* About this task
Nothing but the lines from the one containing "Topographic Map of Dixie Lake, TX" through the end of the data should be retyped, exactly as they stand, and pictures should not be retyped.
------ Exercise inputs
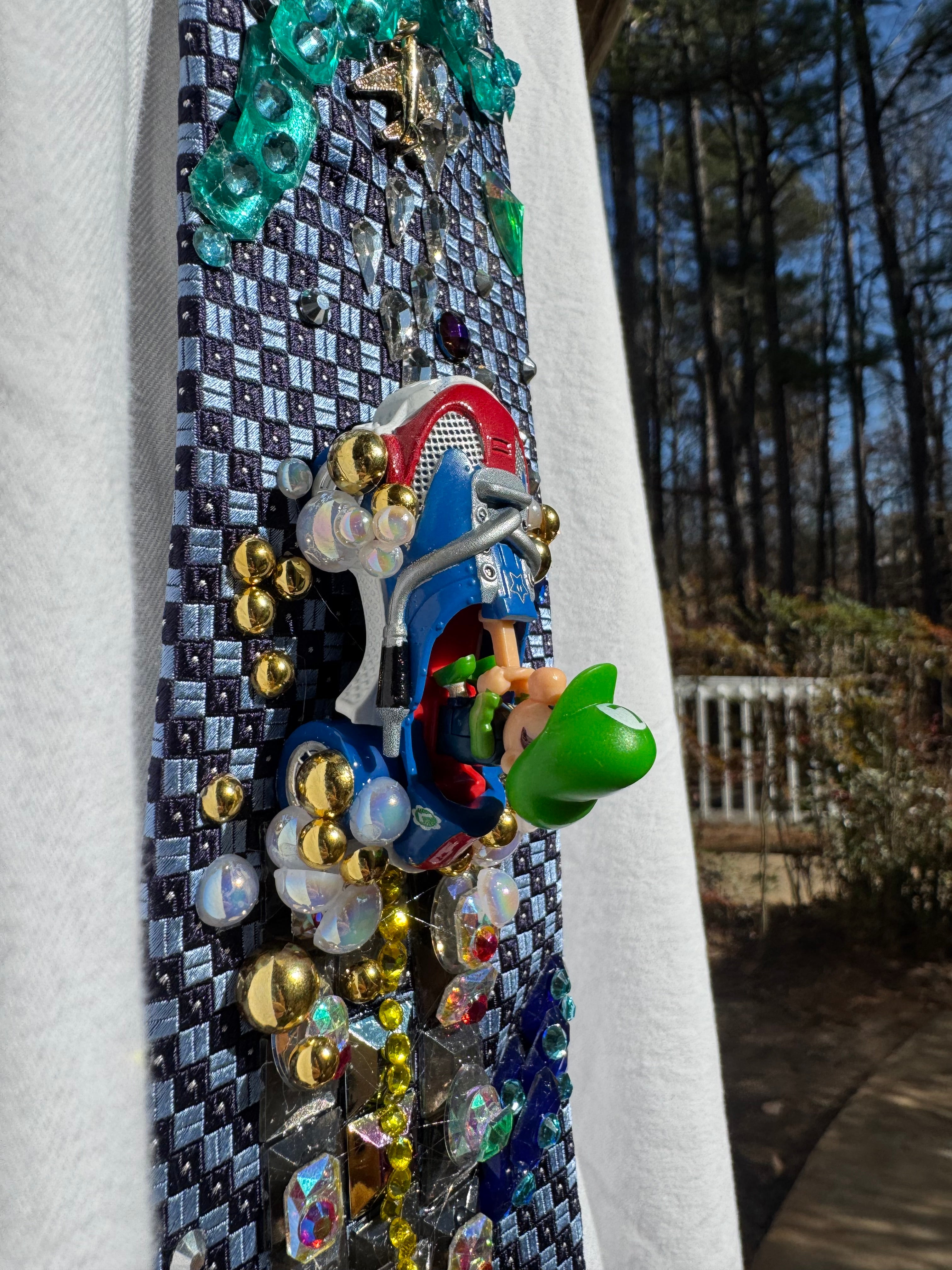 Light Blue Baby Luigi About to Fly On Sunshine Airport 200cc Mario Kart Tie
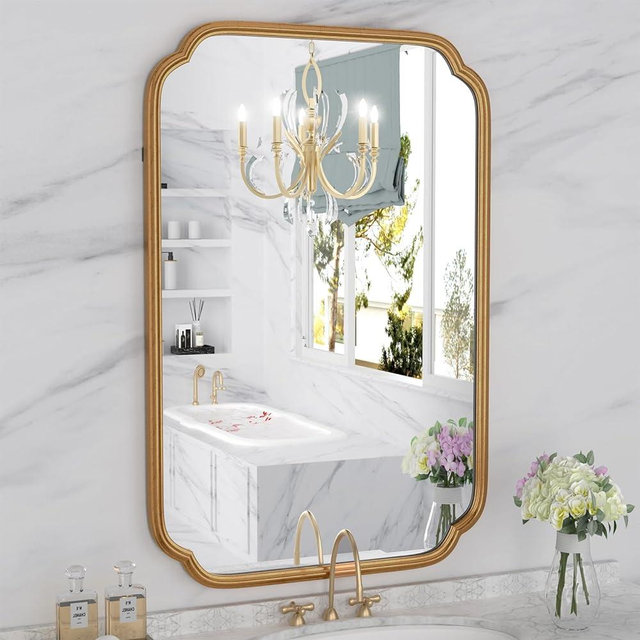 Ferytange Gold Bathroom Mirror for Wall 20" x 30" Modern Rounded Corner Rectangle Mirror with Non-Rusting Iron Metal Framed Bathroom Vanity Mirror for Over Sink Wall Decor(Horizontal/Vertical)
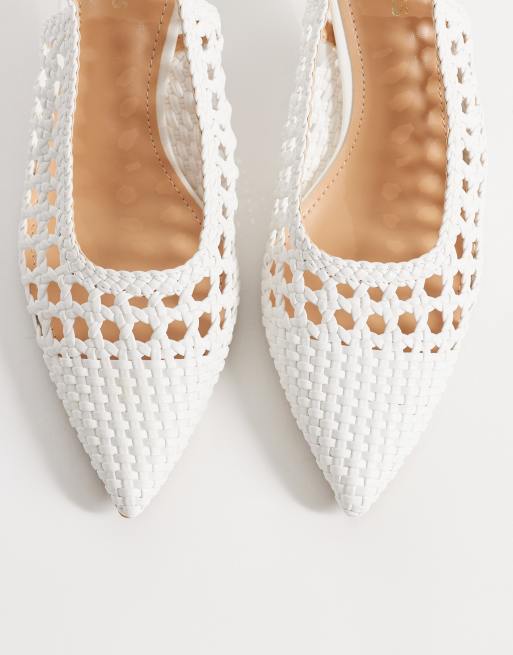 Glamorous - Scarpe con tacco e cinturino posteriore bianche, 2 di 4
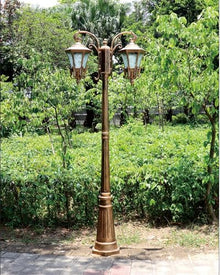 CUTPOIY High Pole Lamp with Striped Glass Shade Post Lighting Street Light for Patio, Garden, Walkway (131.89″)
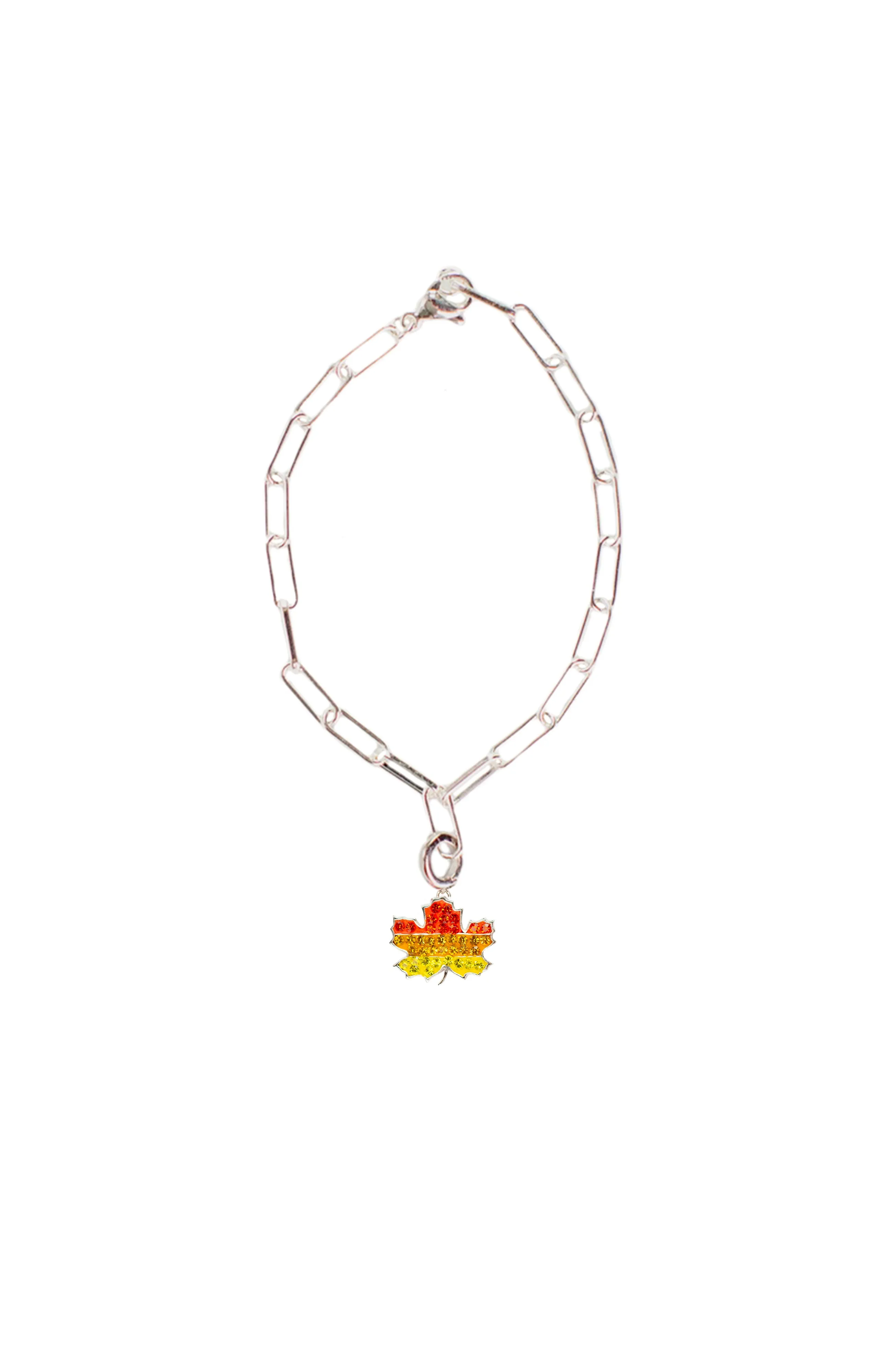 Maple Leaf Crystal Sterling Silver Charm With Paperclip Bracelet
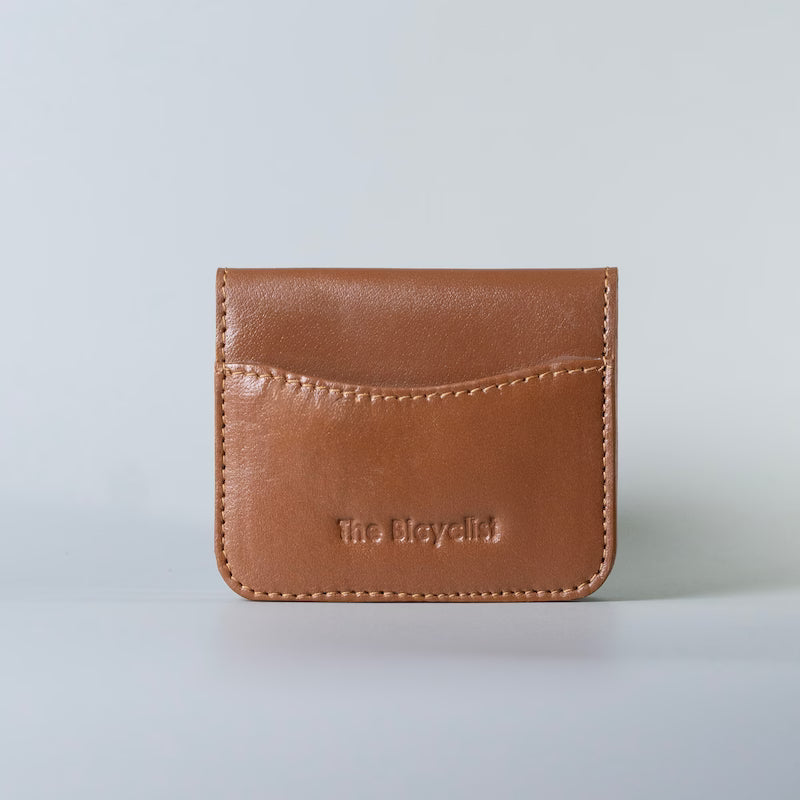 Slim Minimalist Bifold Card Wallet in Tan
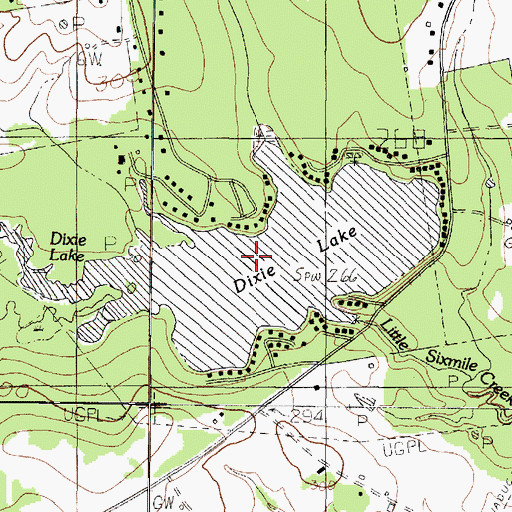 Topographic Map of Dixie Lake, TX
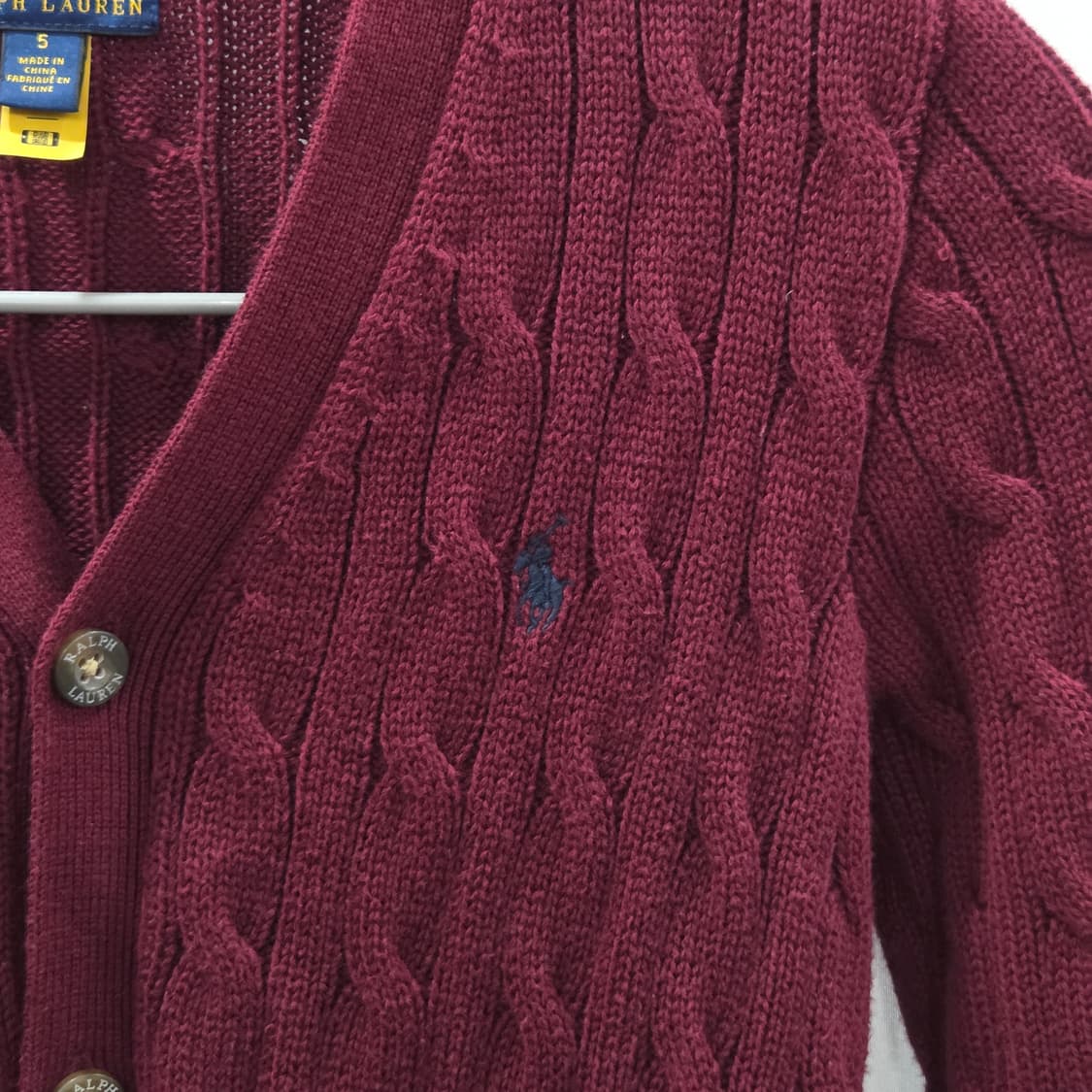 폴로랄프로렌 키즈 케이블 니트 가디건 버건디 5 상품이미지2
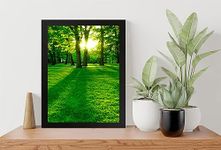 GADGETS WRAP Printed Photo Frame Matte Painting for Home Office Studio Living Room Decoration (9x11inch Black Framed) - Greenery (2)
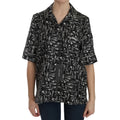 Dolce & Gabbana Black Musical Instrument Print Silk Top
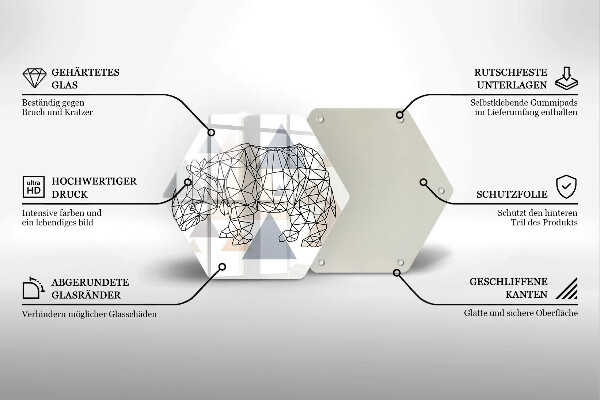 Tábua de cortar Rinoceronte de arte linear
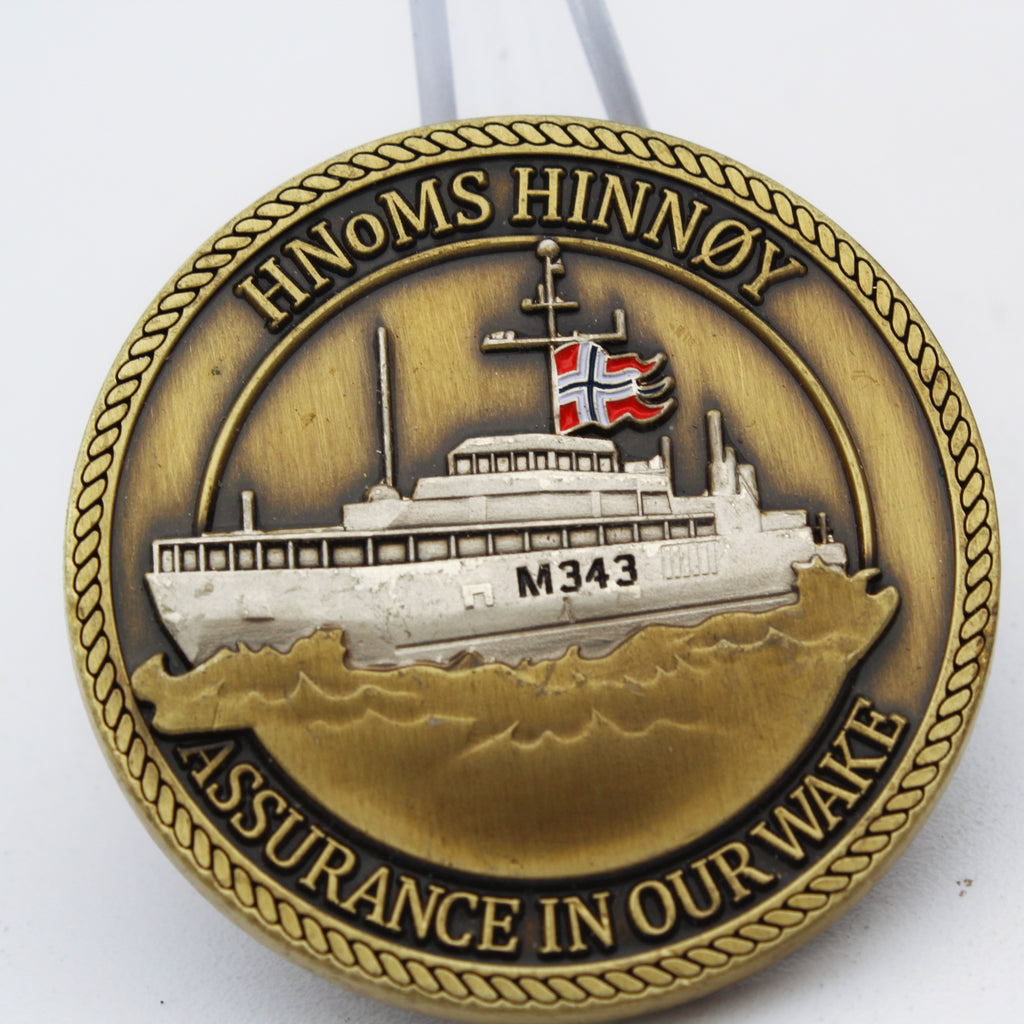 KNM Hinnøy M343 Norwegian Coast Guard Challenge Coin – Bronze 1.6 Inch - Pre-Owned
------------
* Your solution
 Topographic Map of Dixie Lake, TX
 폴로랄프로렌 키즈 케이블 니트 가디건 버건디 5 상품이미지2
 GADGETS WRAP Printed Photo Frame Matte Painting for Home Office Studio Living Room Decoration (9x11inch Black Framed) - Greenery (2)
 Dolce & Gabbana Black Musical Instrument Print Silk Top
 Tábua de cortar Rinoceronte de arte linear
 KNM Hinnøy M343 Norwegian Coast Guard Challenge Coin – Bronze 1.6 Inch - Pre-Owned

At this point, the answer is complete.